Algarra / Joselito, Ponce, Sánchez

Toros de Luis Algarra, discretos de presencia y moribundos; 3º, apuntillado en la faena de muleta. 4º, sobrero en sustitución de otro inválido, con trapío, dio juego.

Joselíto: pinchazo, estocada ladeada y rueda de peones (silencio); estocada atravesada que asoma por la barriga y descabello (gran bronca).

Enrique Ponce: cinco pinchazos bajos -aviso-, pinchazo y dos descabellos (silencio); bajonazo (palmas).

Manolo Sánchez: apuntillado su primer toro (aplausos y saludos); pinchazo bajísimo, espadazo lateral enhebrado en el lomo y estocada corta baja (palmas).

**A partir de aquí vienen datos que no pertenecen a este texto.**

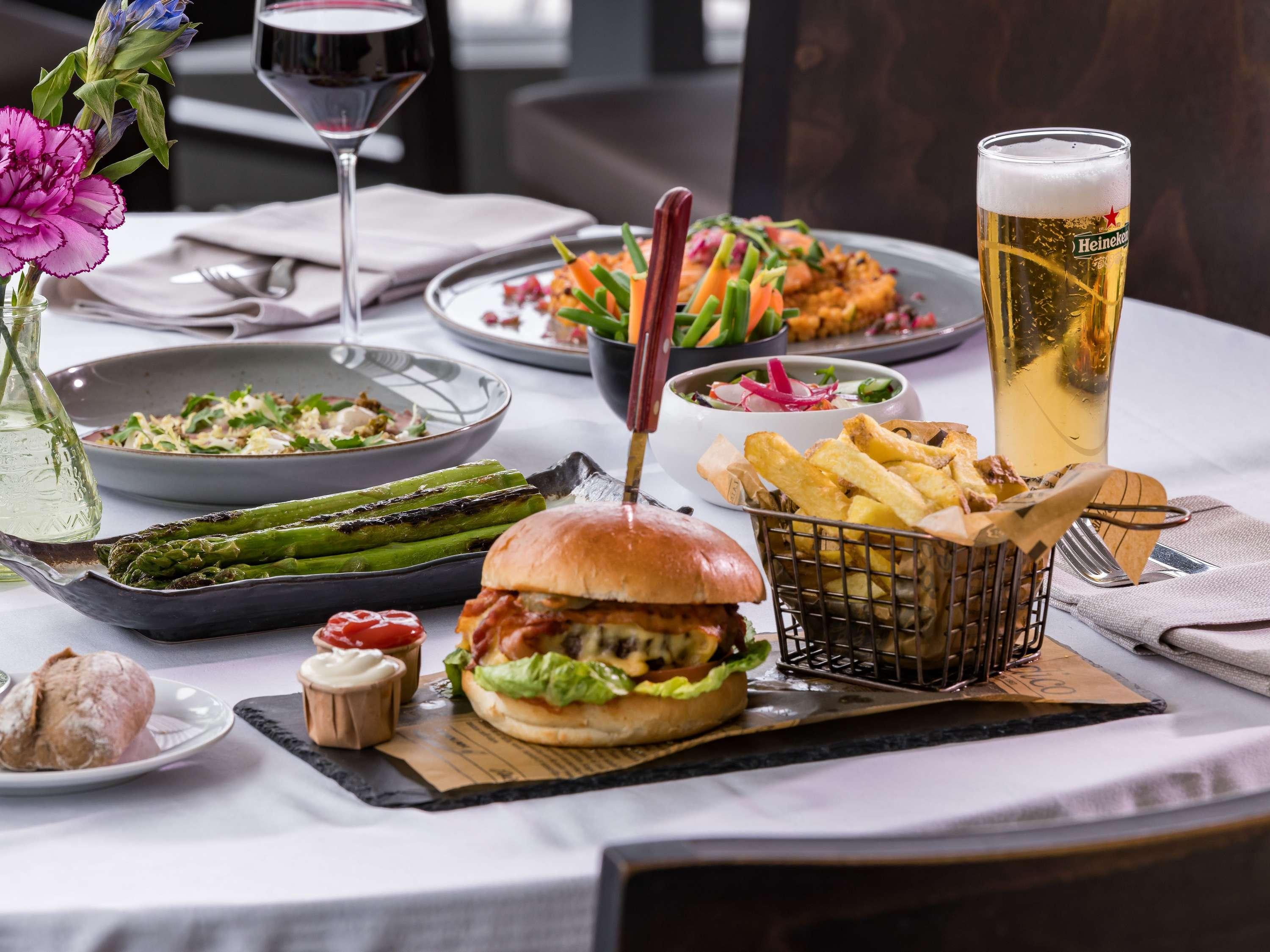 Stay in style at Mövenpick Hotel Amsterdam City Centre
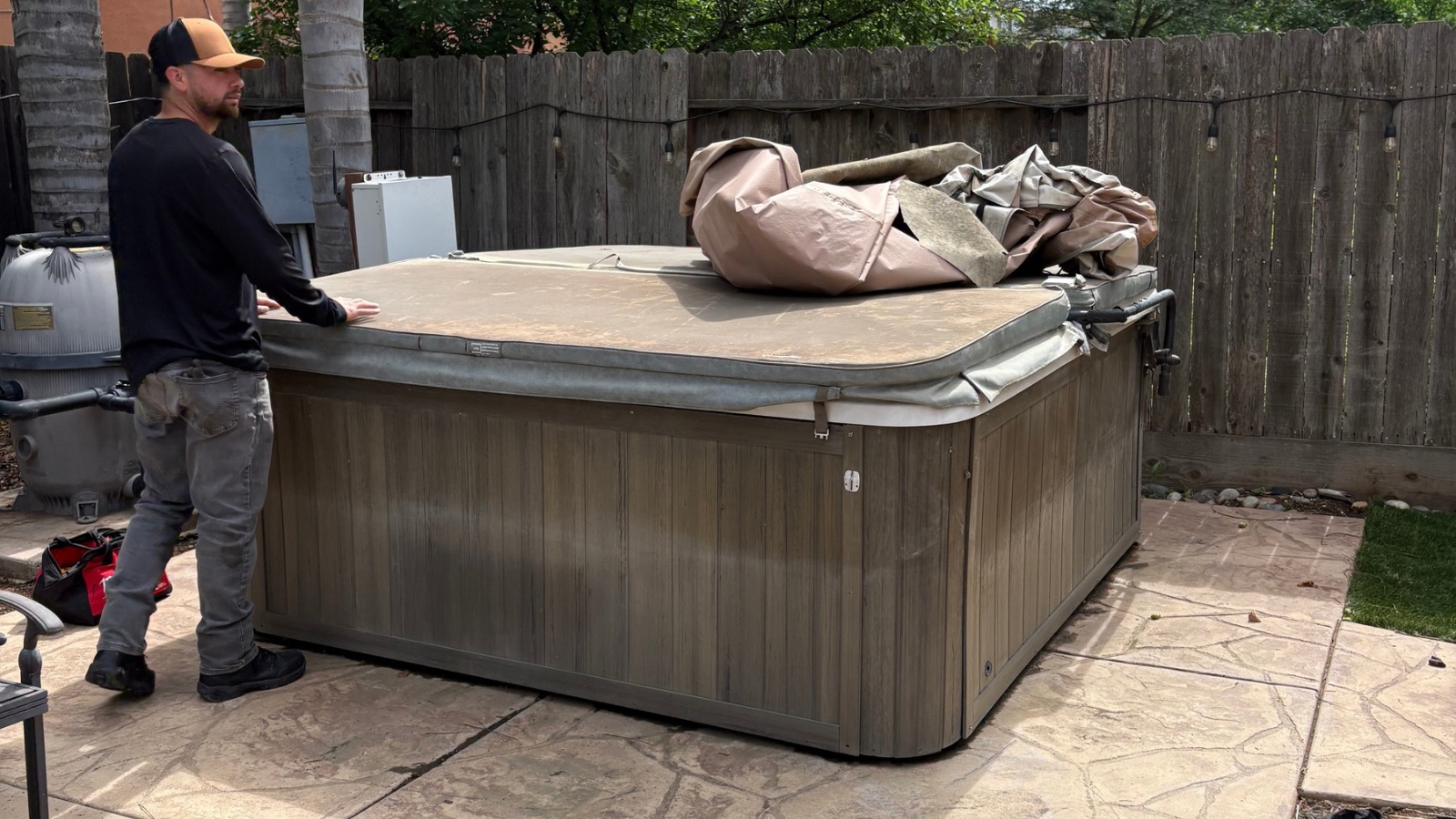 Hot tub & spa removal in Los Banos, California can be heavy, bulky and hard to handle.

Plaza de Vista Alegre, 19 de agosto. Sexta corrida de feria.

Tres cuartos de entrada.

Los toros se caían y hubo por ello gran escándalo. No es novedad que se caigan los toros, e incluso el público ya está acostumbrado; pero es que estos toros se caían más de lo que la decencia aconseja y la paciencia admite. Estos toros, se caían con mirarlos. Otros autores sostienen la proposición contraria: que se caían cuando miraban a los toreros. Acaso es que eran tímidos. De cualquier forma, ahora, muertos que están (pues no pernean) no hay manera de saberlo Ahora ya los habrán convertido en despiece cárnico para su consumo en estofado. Sin embargo uno se lo pensaría dos veces antes en comerse un morcillo o una criadilla de cualquiera de esos seis toros lisiados. A saber qué llevarían por dentro.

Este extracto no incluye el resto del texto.